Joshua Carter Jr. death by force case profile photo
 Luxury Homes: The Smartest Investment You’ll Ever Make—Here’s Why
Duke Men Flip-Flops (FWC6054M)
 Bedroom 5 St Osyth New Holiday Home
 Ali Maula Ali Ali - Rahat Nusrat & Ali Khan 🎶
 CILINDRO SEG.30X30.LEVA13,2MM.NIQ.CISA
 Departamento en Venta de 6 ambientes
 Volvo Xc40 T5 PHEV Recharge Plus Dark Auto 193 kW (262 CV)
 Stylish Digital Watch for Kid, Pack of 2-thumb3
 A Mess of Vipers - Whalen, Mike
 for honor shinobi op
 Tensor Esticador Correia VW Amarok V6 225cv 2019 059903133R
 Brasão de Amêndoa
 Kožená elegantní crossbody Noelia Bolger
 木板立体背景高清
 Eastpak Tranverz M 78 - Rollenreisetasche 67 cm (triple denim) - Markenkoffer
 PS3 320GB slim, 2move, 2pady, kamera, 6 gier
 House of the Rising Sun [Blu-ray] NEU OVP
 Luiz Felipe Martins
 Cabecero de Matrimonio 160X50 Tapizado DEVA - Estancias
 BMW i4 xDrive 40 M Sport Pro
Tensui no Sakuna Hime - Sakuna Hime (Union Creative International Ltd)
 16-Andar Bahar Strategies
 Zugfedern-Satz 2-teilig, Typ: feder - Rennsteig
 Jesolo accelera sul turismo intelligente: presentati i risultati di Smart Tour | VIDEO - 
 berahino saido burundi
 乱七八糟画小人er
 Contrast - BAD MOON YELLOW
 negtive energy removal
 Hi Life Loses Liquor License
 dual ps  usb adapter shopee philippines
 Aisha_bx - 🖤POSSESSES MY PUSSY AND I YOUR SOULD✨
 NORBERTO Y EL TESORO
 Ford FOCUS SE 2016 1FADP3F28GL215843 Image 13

# Goal of the exercise:
Every record should be printed again exactly as it reads.

# Expected output:
Joshua Carter Jr. death by force case profile photo
 Luxury Homes: The Smartest Investment You’ll Ever Make—Here’s Why
Duke Men Flip-Flops (FWC6054M)
 Bedroom 5 St Osyth New Holiday Home
 Ali Maula Ali Ali - Rahat Nusrat & Ali Khan 🎶
 CILINDRO SEG.30X30.LEVA13,2MM.NIQ.CISA
 Departamento en Venta de 6 ambientes
 Volvo Xc40 T5 PHEV Recharge Plus Dark Auto 193 kW (262 CV)
 Stylish Digital Watch for Kid, Pack of 2-thumb3
 A Mess of Vipers - Whalen, Mike
 for honor shinobi op
 Tensor Esticador Correia VW Amarok V6 225cv 2019 059903133R
 Brasão de Amêndoa
 Kožená elegantní crossbody Noelia Bolger
 木板立体背景高清
 Eastpak Tranverz M 78 - Rollenreisetasche 67 cm (triple denim) - Markenkoffer
 PS3 320GB slim, 2move, 2pady, kamera, 6 gier
 House of the Rising Sun [Blu-ray] NEU OVP
 Luiz Felipe Martins
 Cabecero de Matrimonio 160X50 Tapizado DEVA - Estancias
 BMW i4 xDrive 40 M Sport Pro
Tensui no Sakuna Hime - Sakuna Hime (Union Creative International Ltd)
 16-Andar Bahar Strategies
 Zugfedern-Satz 2-teilig, Typ: feder - Rennsteig
 Jesolo accelera sul turismo intelligente: presentati i risultati di Smart Tour | VIDEO - 
 berahino saido burundi
 乱七八糟画小人er
 Contrast - BAD MOON YELLOW
 negtive energy removal
 Hi Life Loses Liquor License
 dual ps  usb adapter shopee philippines
 Aisha_bx - 🖤POSSESSES MY PUSSY AND I YOUR SOULD✨
 NORBERTO Y EL TESORO
 Ford FOCUS SE 2016 1FADP3F28GL215843 Image 13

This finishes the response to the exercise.